▶ _MATERIAL TO PROCESS_:
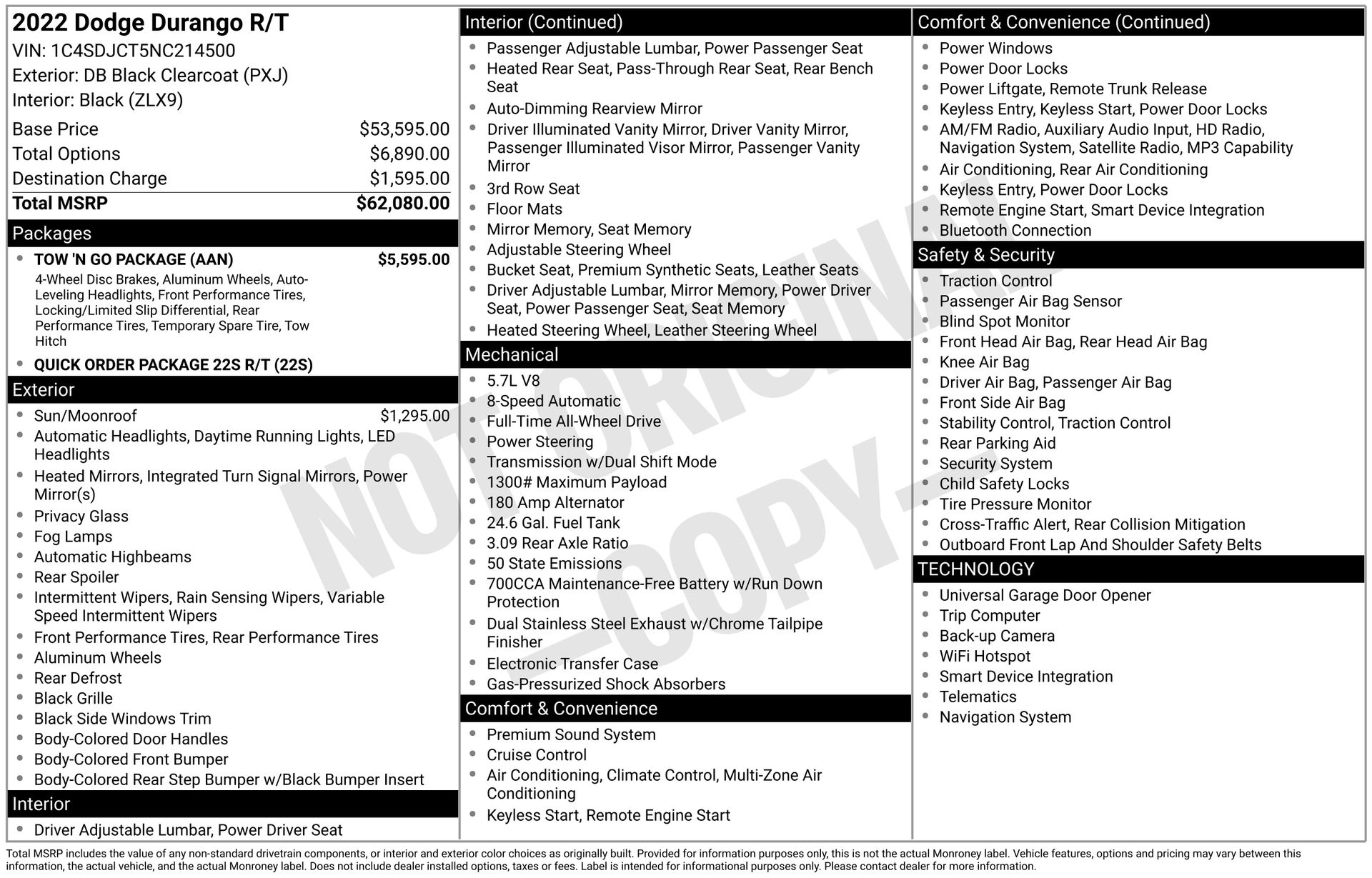 2022 DODGE DURANGO - Image 3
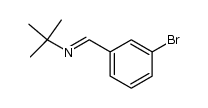 N-(3-bromobenzilidene)-tert-butylamine Structure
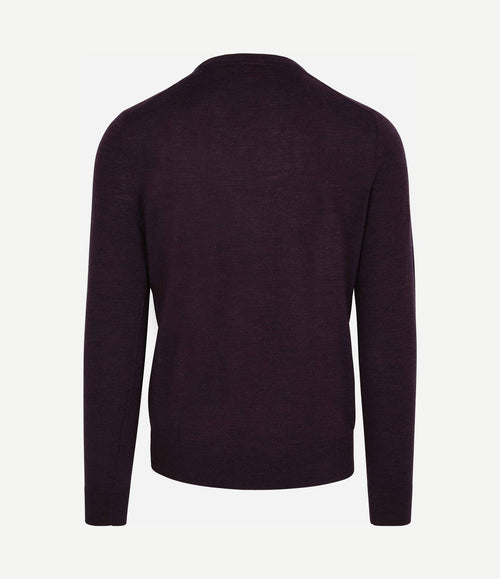 Merino pullover paars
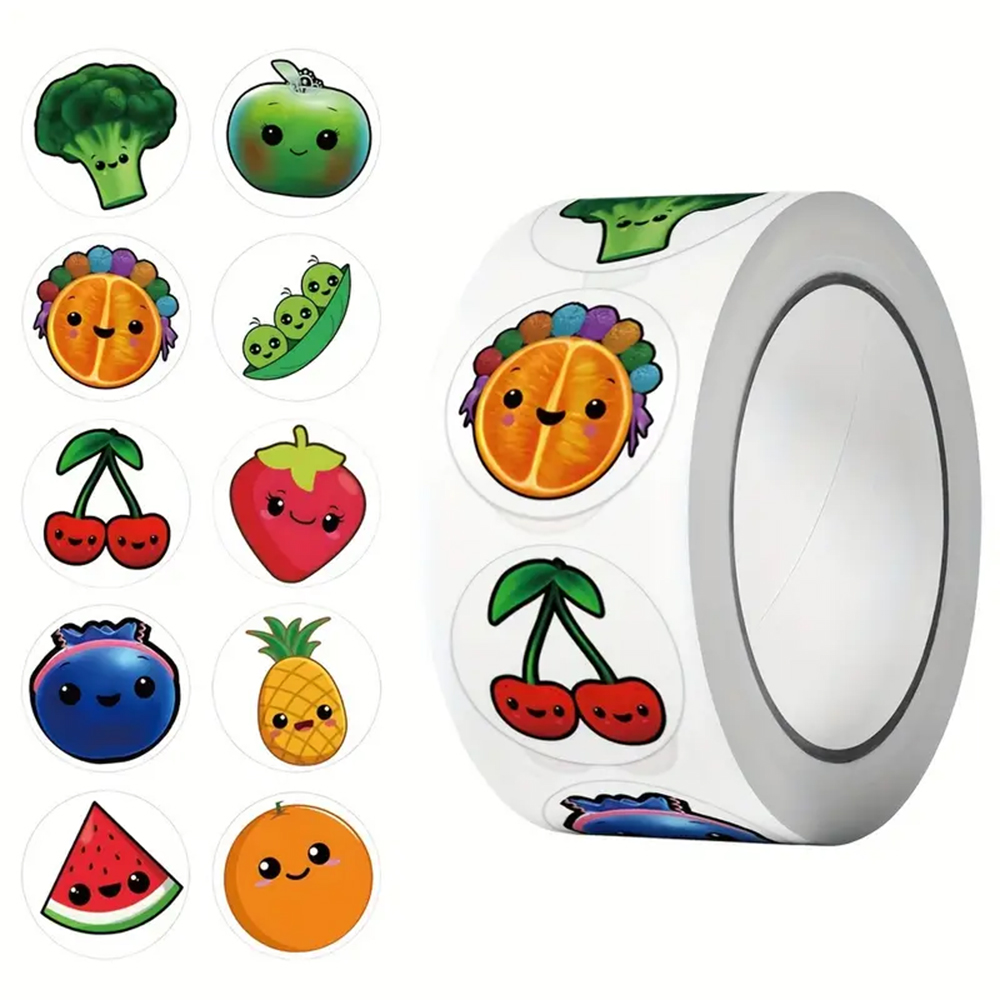 Banner Kids Toys - 500 pçs/rolo crianças papelaria adesivos festa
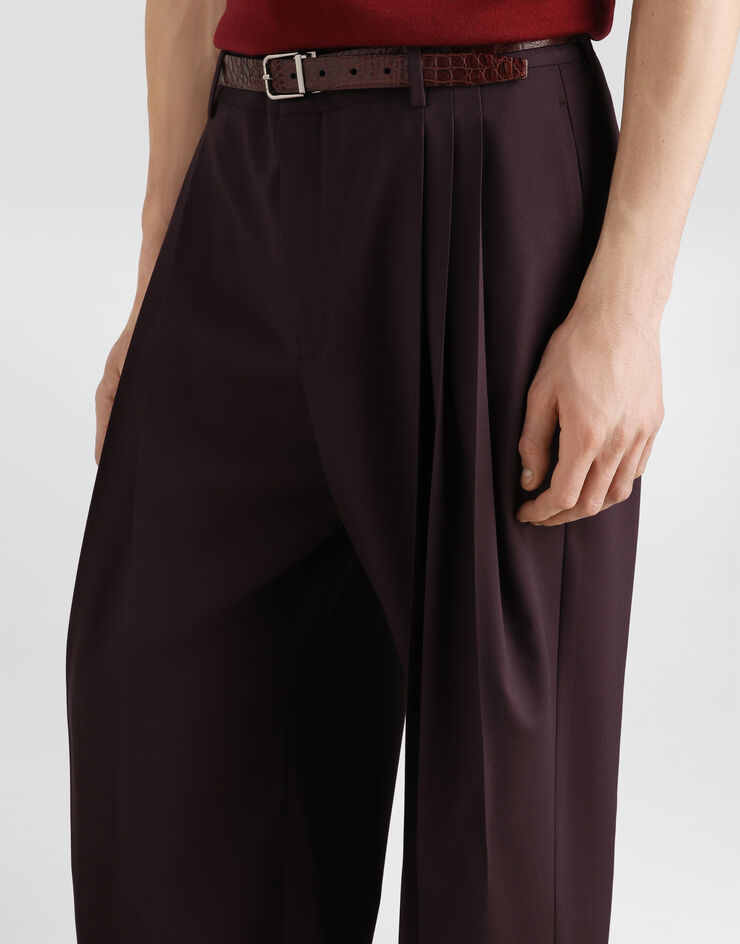 Dolce & Gabbana Wool trousers Dolce & Gabbana Wool trousers Multicolor GP13CTFUBG5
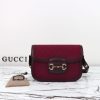 Replica Gucci G 1955 Horsebit Red Denim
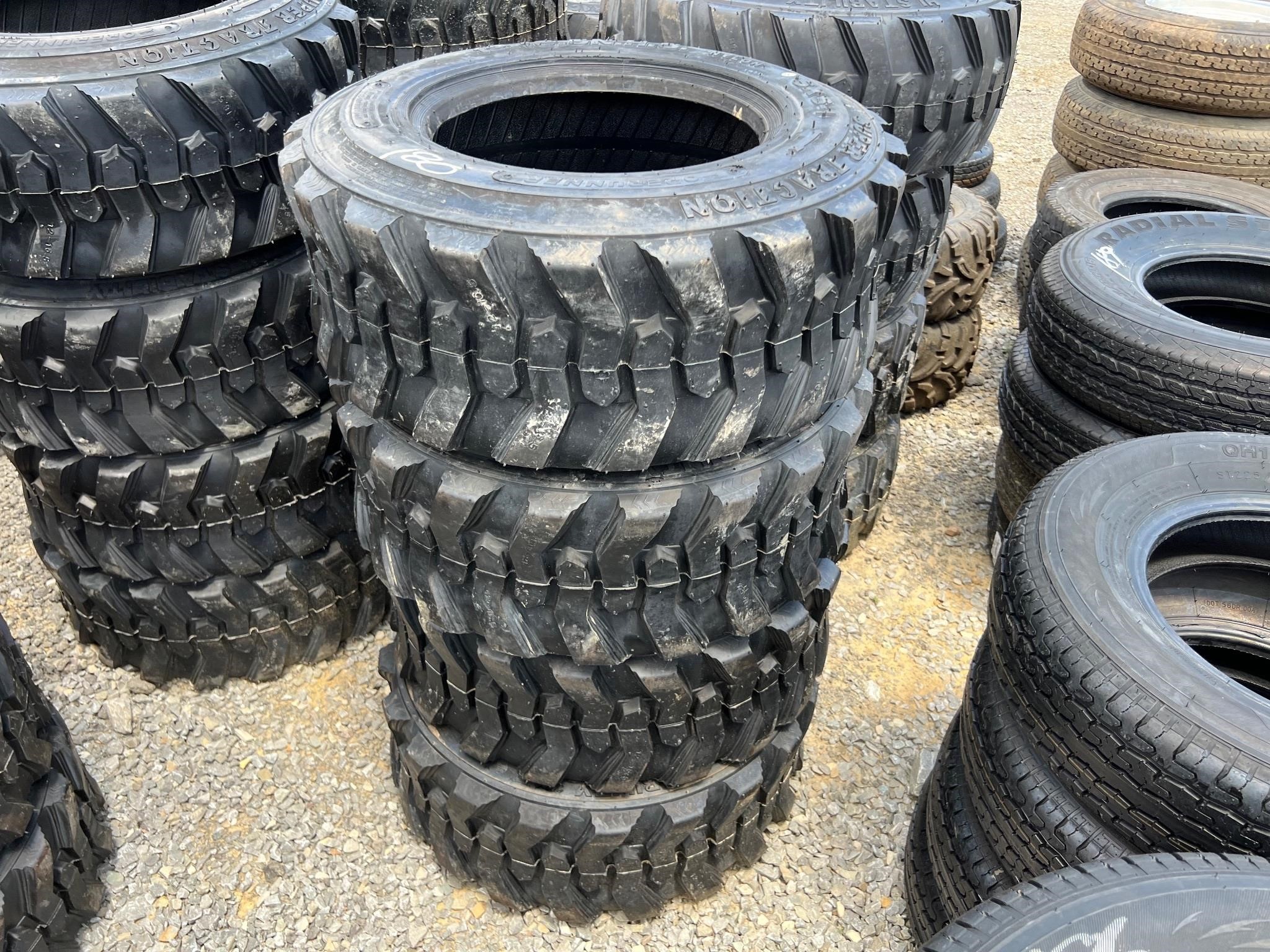 4 Unused 12-16.5 Skid Steer Tires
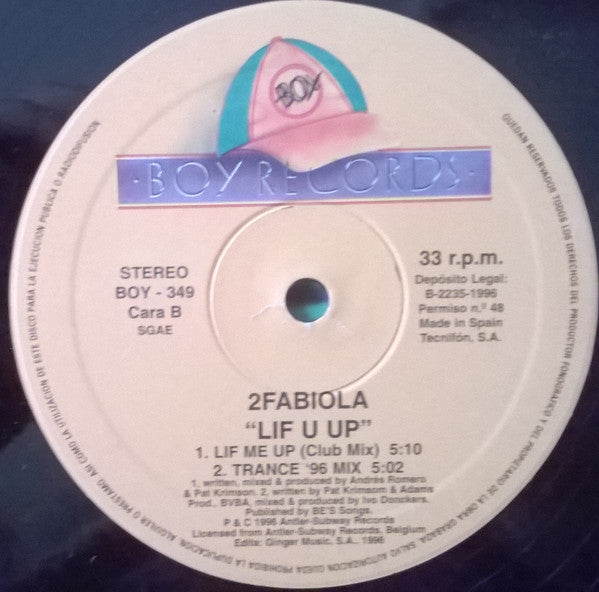2 Fabiola – Lift U Up (NM) BOX28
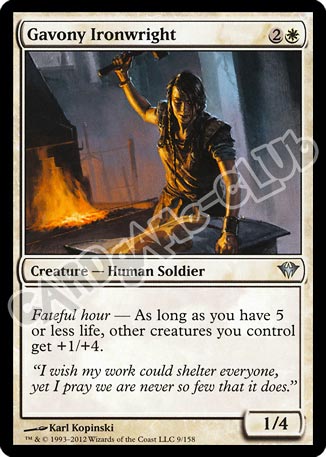 009 / 158 Gavony Ironwright non comune (EN) -NEAR MINT-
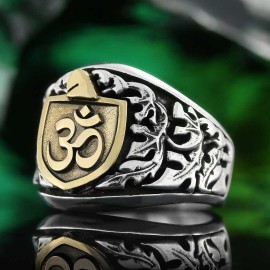 Om Buddha Ring
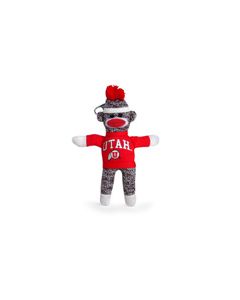 Utah Sock Monkey Keychain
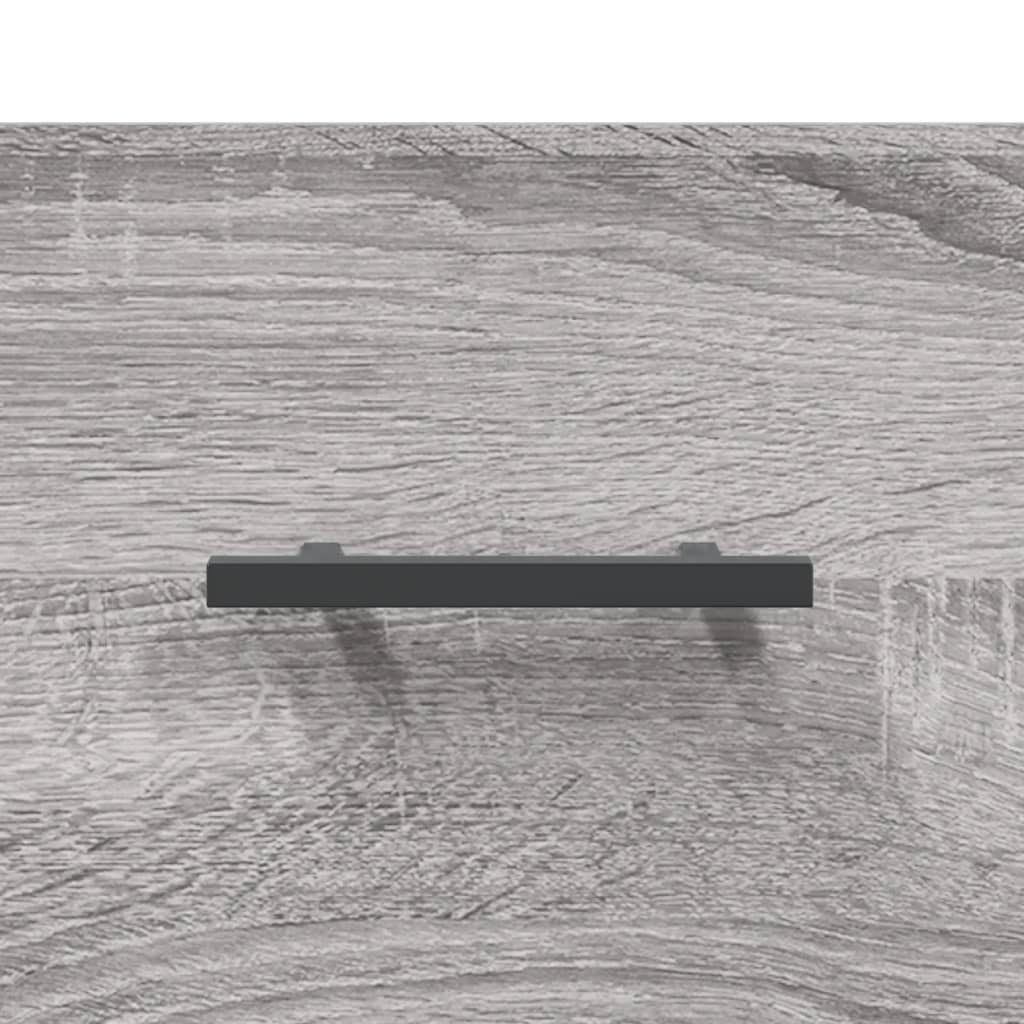 Servantă, gri sonoma, 34,5x34x90 cm, lemn compozit Lando - Lando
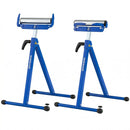 2-Pack Folding Roller Stands Portable Outfeed Supports with Adjustable Height by LJGDeals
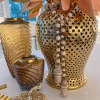 Inspire Me! Home Decor Whitewash Wooden Beaded Garland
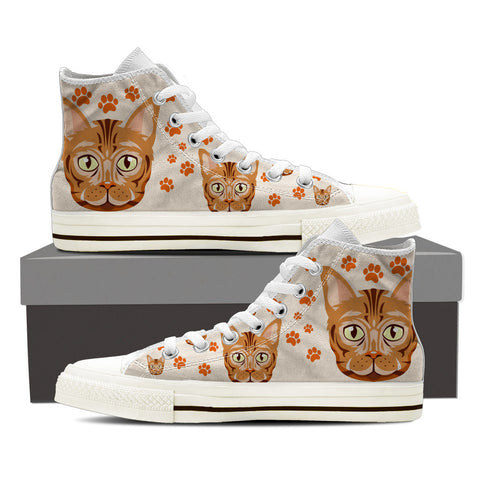 [KINIART BELLA POM GALAXY HIGH-TOP SNEAKERS] - Blessed Shop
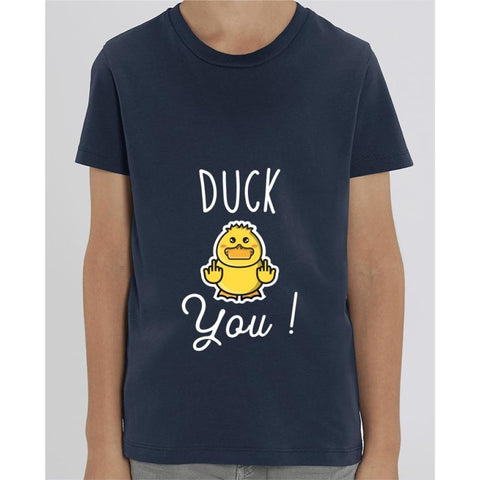 T-shirt Fille - Duck You - French Navy / 3/4 ans - Enfant & Bébé>T-shirts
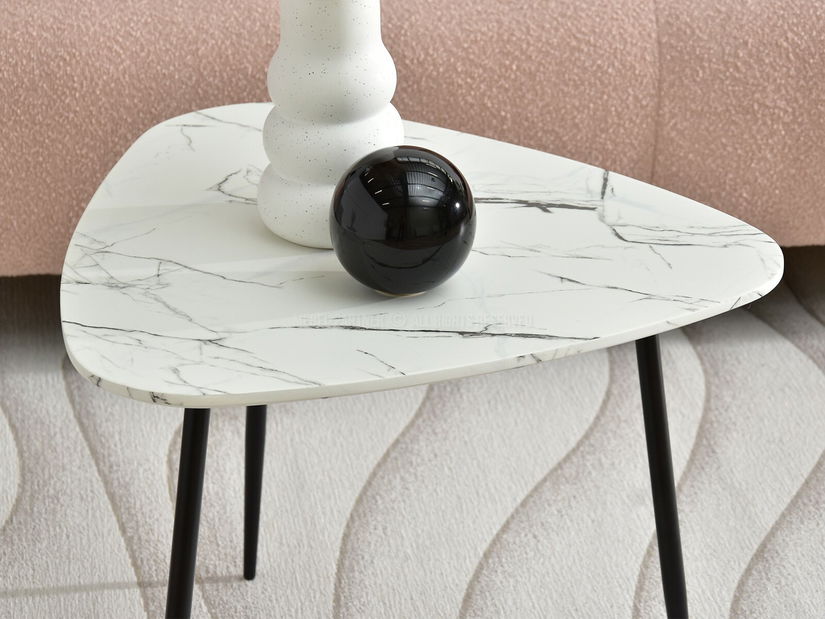 Konferenčný stolík Rossi S (biela + čierna)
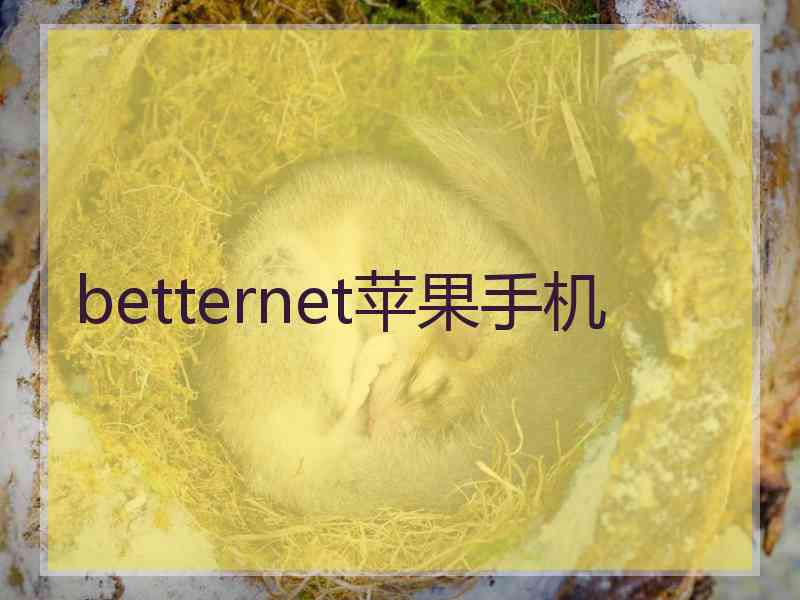betternet苹果手机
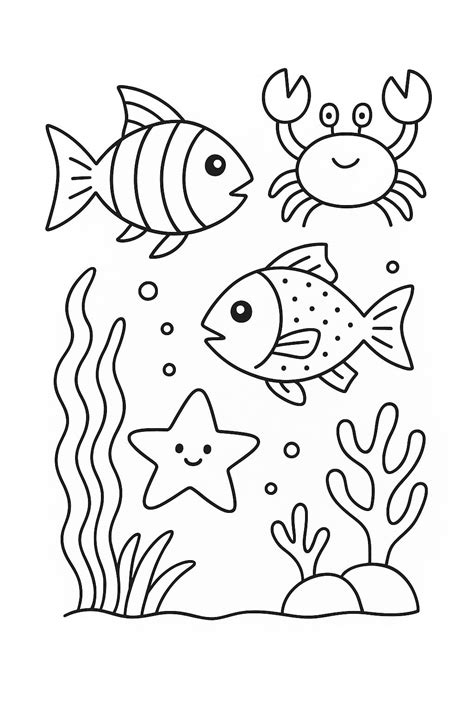 Desenho De Animais Do Fundo Do Mar Para Colorir - Desenho De Animais No Fundo Do Mar Para Colorir Desenhos Para Colorir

▶ _WORK ITEM_: Both the first line of the records above and the line containing "Replica Gucci G 1955 Horsebit Red Denim" belong in the copy; please return them and every line between, exactly, minus the pictures.

▶ _TASK ANSWER_:
 2022 DODGE DURANGO - Image 3
 N-(3-bromobenzilidene)-tert-butylamine Structure
 Merino pullover paars
 Banner Kids Toys - 500 pçs/rolo crianças papelaria adesivos festa
 Dolce & Gabbana Wool trousers Dolce & Gabbana Wool trousers Multicolor GP13CTFUBG5
 Replica Gucci G 1955 Horsebit Red Denim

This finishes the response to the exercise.